Most anybody has probably played Checkers before, but for those who haven’t, here is how the game works. Checkers is played on a board made up of sixty-four squares on an eight-by-eight board, the same type of board used to play chess. The squares alternate in color between two colors, with squares of the same color diagonally attached to each other. Only one of the square colors is used in checkers.

On a turn, a player will take a checker and move it one square diagonally forward until it reaches the other side of the board, at which point they can move one square in any diagonal direction, forward or backward, with that checker. The exception is that if there is a checker of the other color on the square directly diagonal to you that you could move to, you can jump over it if the square in the same direction from it is vacant, a move which results in the checker being removed from the board. This move, called a jump, can be performed multiple times with the same checker in the same turn if the opponent has left another checker in position to be jumped over (in any legal moving direction for the checker at hand after the last jump), although a checker which reaches the other side of the board must stop at that point.

The objective of the game varies depending on what game type you select.

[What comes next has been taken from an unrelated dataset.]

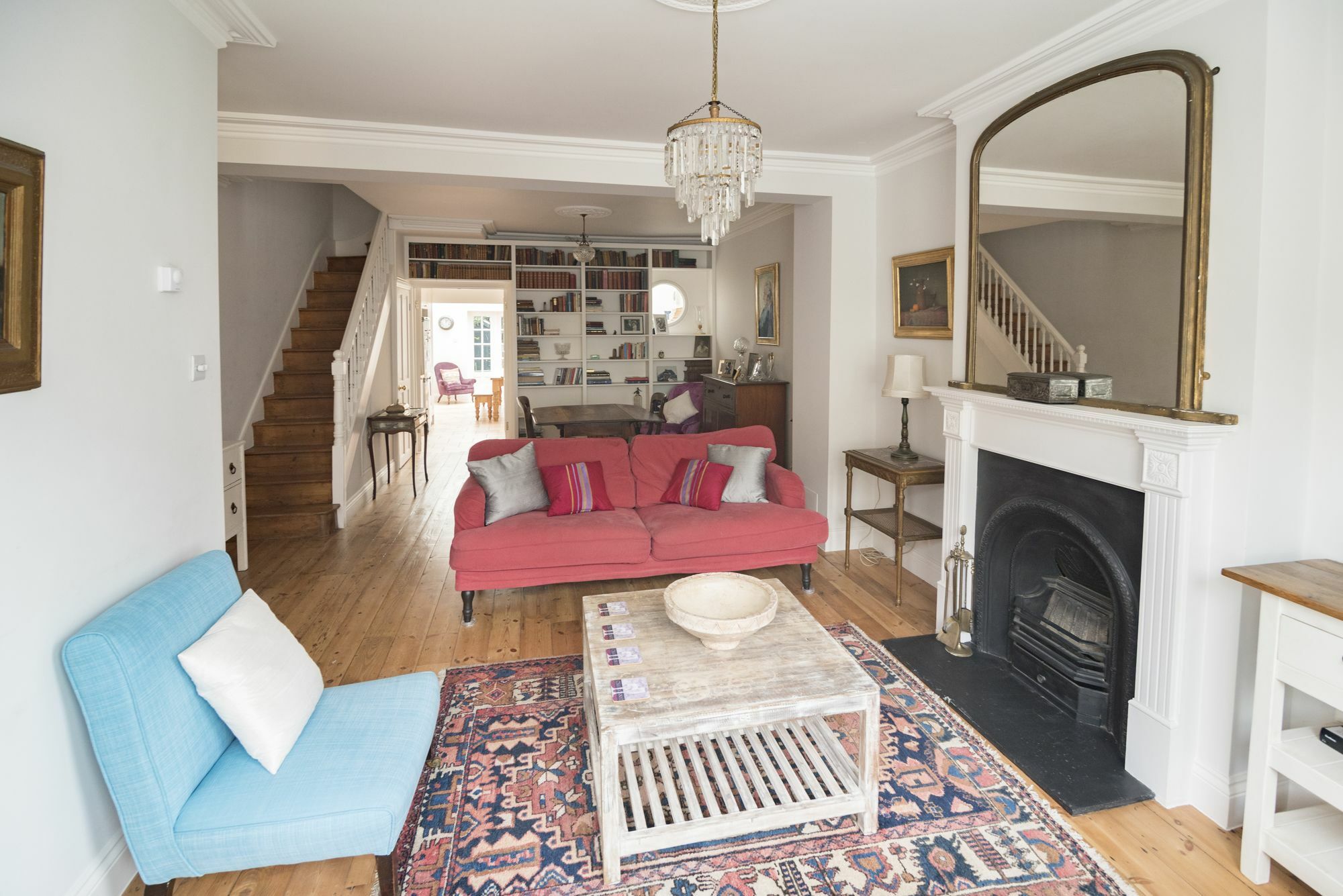 Traditional Home In Kew Gardens By Underthedoormat リッチモンド エクステリア 写真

With game ten being meant for two-players, games one through nine are regular checkers, with the higher game numbers resulting in higher computer skill (and unfortunately, more waiting time for the computer to make its moves). In regular checkers, the objective is to somehow trap your opponent in such a way that they cannot move, whether by blocking their checkers from moving or removing them from the playing field. Essentially, the player with checkers left at the end wins, with rare exceptions. In this video game incarnation of the game, you have to take a jump if it is available, although I am not entirely sure the actual rules require that, as I have seen people play without that rule.

Game modes eleven through nineteen are for a type of checkers called giveaway. Once again, the higher game modes result in higher computer skill and more time for the computer to consider its moves. Giveaway is the exact opposite of regular checkers, with the objective being to purposely put yourself in a position where you can no longer move. Once again, jumps must be taken if they are available.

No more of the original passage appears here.